GIVEN ENTRIES ::

════════════════════

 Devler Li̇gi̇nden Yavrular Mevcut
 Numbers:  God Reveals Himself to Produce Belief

════════════════════

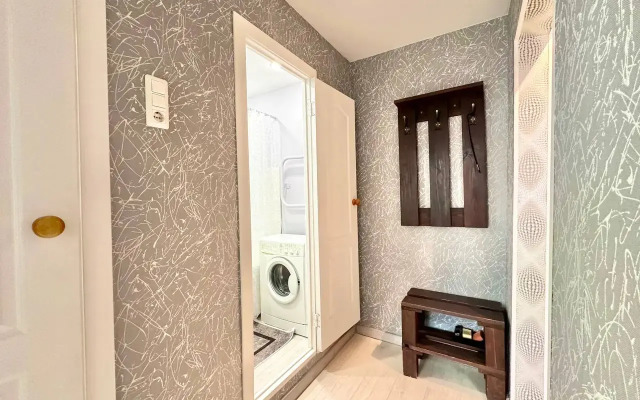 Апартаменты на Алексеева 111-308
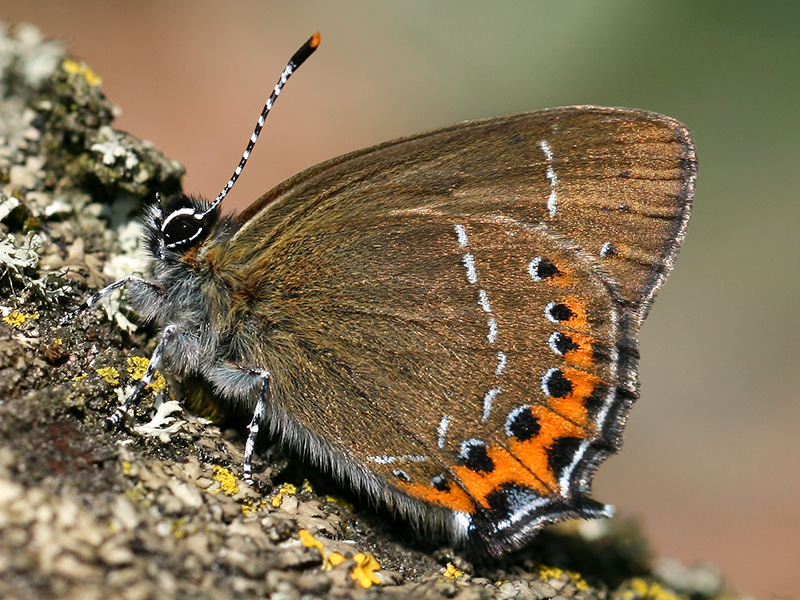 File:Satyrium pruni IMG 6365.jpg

════════════════════

Your answer should consist of the lines above between those holding "Апартаменты на Алексеева 111-308" and "File:Satyrium pruni IMG 6365.jpg", inclusive, reproduced word for word and without pictures.

RESULT OF THE TASK ::
 Апартаменты на Алексеева 111-308
 File:Satyrium pruni IMG 6365.jpg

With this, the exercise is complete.